Former chair of the Royal College of GPs doctor Clare Gerada believes the online consultations could replace an in person meeting
YES, says Dr Clare Gerada, Former chair of the Royal College of GPs:
Recently I examined a woman who had what she feared was a cancerous lump in her breast.
Nothing exceptional in that — I am, after all, a GP of almost 30 years’ standing in a busy Central London surgery of nearly 22,000 patients. But this appointment was unusual in that it was my first face-to-face consultation in weeks.
Covid-19 has caused what would normally take ten years of transformation to occur in little more than ten weeks.
Before the pandemic, about 90 per cent of GP consultations were face-to-face; only a tiny proportion were done remotely: online via email or by video-call or telephone.
But at the height of the pandemic this reversed, and now around 70 per cent of consultations are done remotely.
Hence the woman with the lump — which didn’t need further investigation — was the first patient I had physically examined in weeks.
I can’t see things ever going back to how they were. Nor do I think they should, because it gives the GP more time, and that can only be good for patients.
Don’t get me wrong, I miss seeing patients in person and enjoy their company.
But consider this: how much time does the average GP spend walking to their surgery waiting room, calling their next patient, waiting for the person to respond and walking back to their consulting room?
Then there is the time the patient — completely reasonably — takes settling down and removing their coat. I believe it totals days each year. Surely there are better ways to use that time, such as helping patients.

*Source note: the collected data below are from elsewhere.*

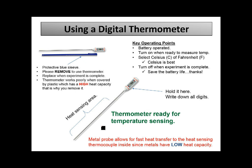In regards to our lab, metal has a low heat capacity, so it readily transfers heat. That's why we removed the blue plastic sleeve — you can imagine students not doing that. So with that removed, this is ready to go.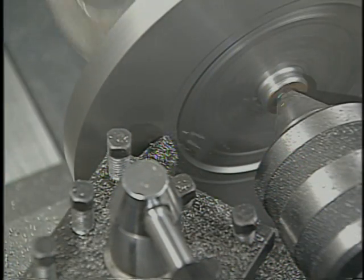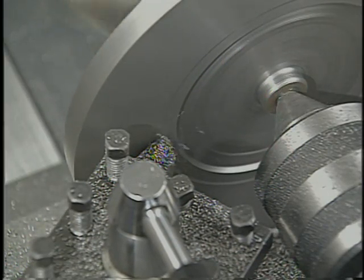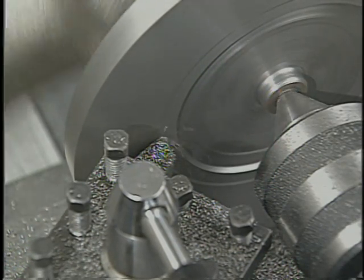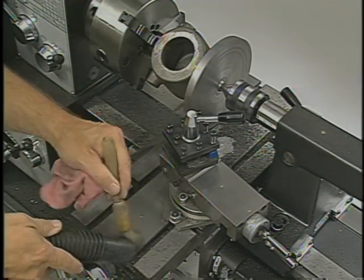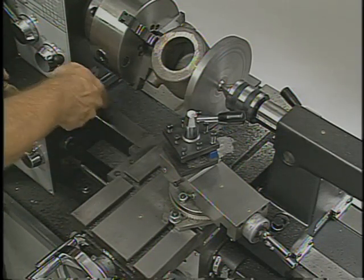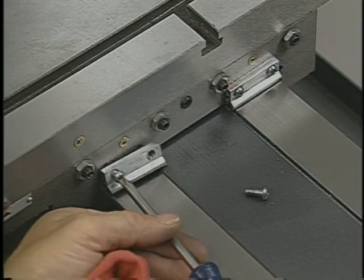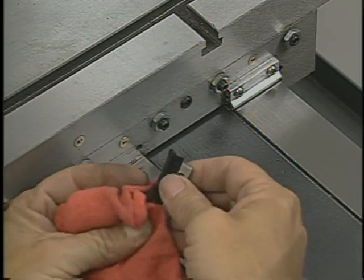Special precautions should be taken for dusty materials like wood, plastics, and cast iron, because the dust will cling to all the machine's lubrication. The dust from cast iron is also very abrasive. If you're working with cast iron, clean the ways often, and after you've finished, remove and clean the way wipes. The way wipes should also be replaced as soon as they're worn out.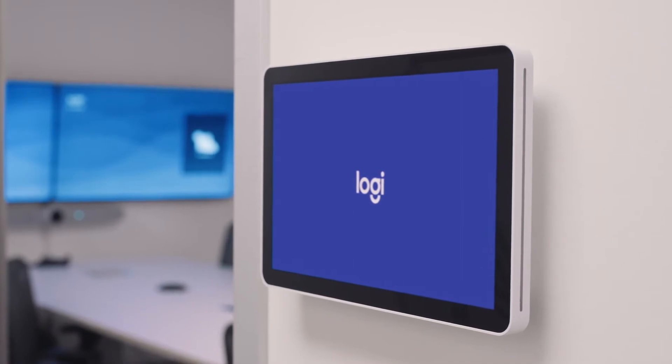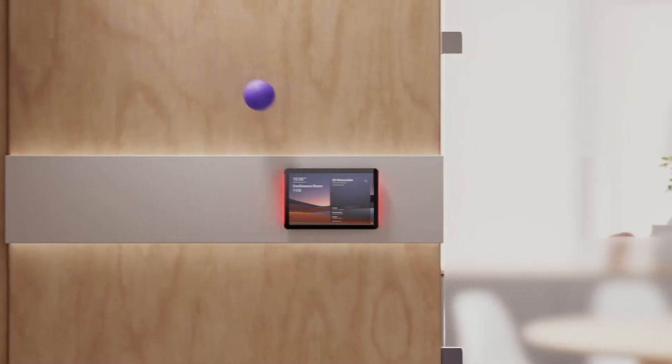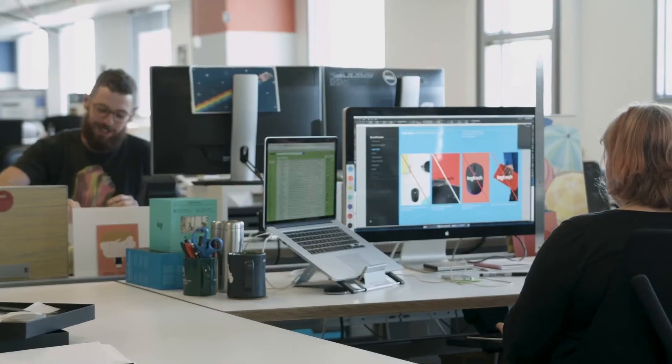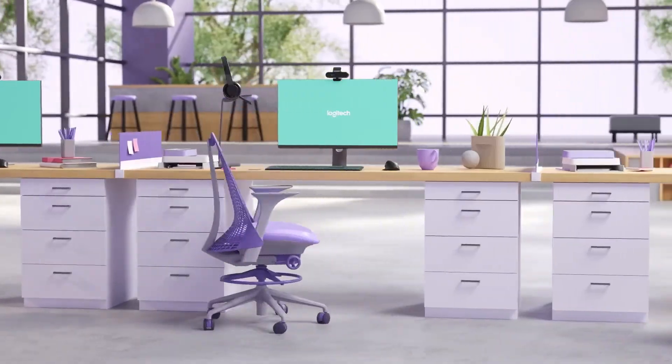One more product I want to mention is the TAP Scheduler, which was announced very recently. It's essentially Logitech's solution for Microsoft Teams panels. It sits outside the meeting room, allows you to see which room is available and which one's busy, and you can schedule ad hoc meetings. What I love about our product is that there are three mounting options — you can mount on the wall, on glass, or on the doorframe — and all these mounting options are included in the box. We're trying to make the life of IT easier, because in hybrid work IT is trying to make choice and flexibility happen for end users.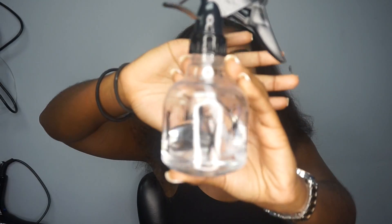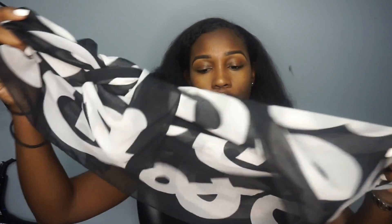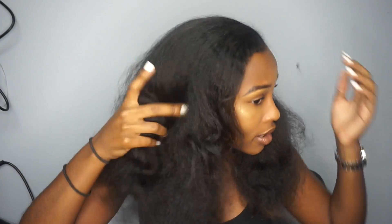Hello everyone and welcome back to Kate the Great channel. This tutorial will be on how I do this split back nice jumbo braid using some Kanekalon hair. So if you want to see how I achieve this look, please continue watching. The things that you're going to need are a spray bottle with water, a brush, a toothbrush for your edges, a scarf, and your pack of Kanekalon hair. I already combed out my hair.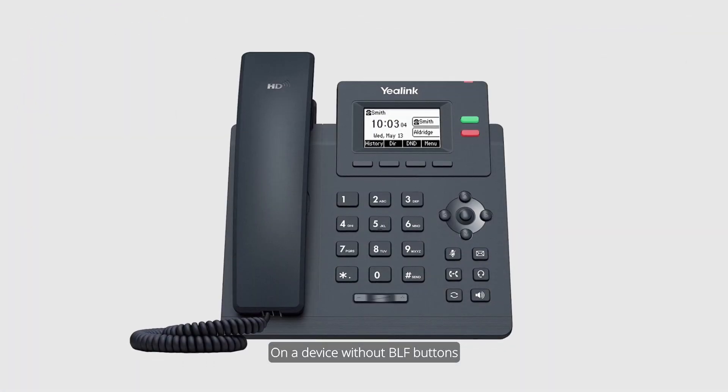On a device without BLF buttons, the user dials star, seven seven, star, five, star, to log out.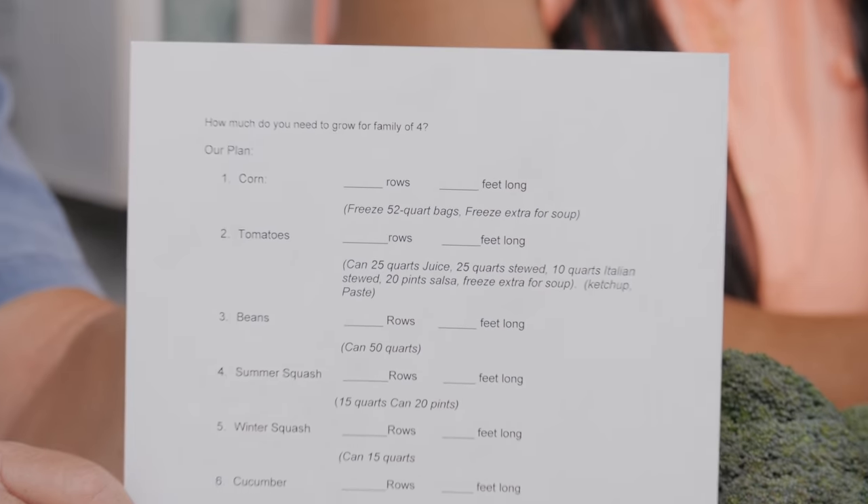How much food do you think you need to grow? We have a worksheet that we're going to go over today. You're going to be able to print this worksheet off in the description below in PDF format, or you can go to Hoss University on the homepage and find it also. It's a great little worksheet to sit down at night time with your family and go over — kind of gives you a strategy. This is going to be for a family of four.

And let’s not forget that, pre-pandemic, people had to wait more than two weeks on average for a GP appointment. Fewer face‑to-face consultations means we can now see you more quickly when you really need it.
In our practice we start most of our appointments online via an electronic consultation, similar to an email.
The patient fills in a specially designed questionnaire on our practice website, answering questions a GP would normally ask if they were sat in front of them; the patient explaining in their own words what’s concerning them.
That comes into an online ‘hub’, which we monitor during surgery hours.
If any answer generates a red flag — a possible medical emergency — the system directs the patient to ring 111 or 999, or to seek urgent medical advice.
For others, the GP decides if an email reply is appropriate, or if a prescription needs to be sent to the pharmacist. Or, indeed, if calling the patient or suggesting they come in is needed.
It is not a system that will suit everyone — perhaps not the elderly, and those without a computer or a smartphone (around 26 per cent of over-75s don’t have one) — and some doctors might be reluctant to adopt this new way of working.
But as well as saving time, think of how much less embarrassing it is to start off a consultation for a mental health or sexual health problem this way. It is much less intimidating to fill in a form than squirm in a chair in front of a doctor.
The system has proved safe and effective, but even video-calls don’t tell the whole story.
As a GP you build a picture of a patient from their posture, even the time it takes them to walk from the waiting room. And it’s hard to pick up on emotion digitally, so we must never lose face-to-face consultations altogether.
But there are plenty of positives to making the most of modern technology.
This change has not only taken place in general practice; surgeons and hospital doctors are increasingly using video-calls and say it helps them see more patients.
Before the pandemic, the NHS was notoriously slow to change. But suddenly, needs must. Healthcare will never be the same again.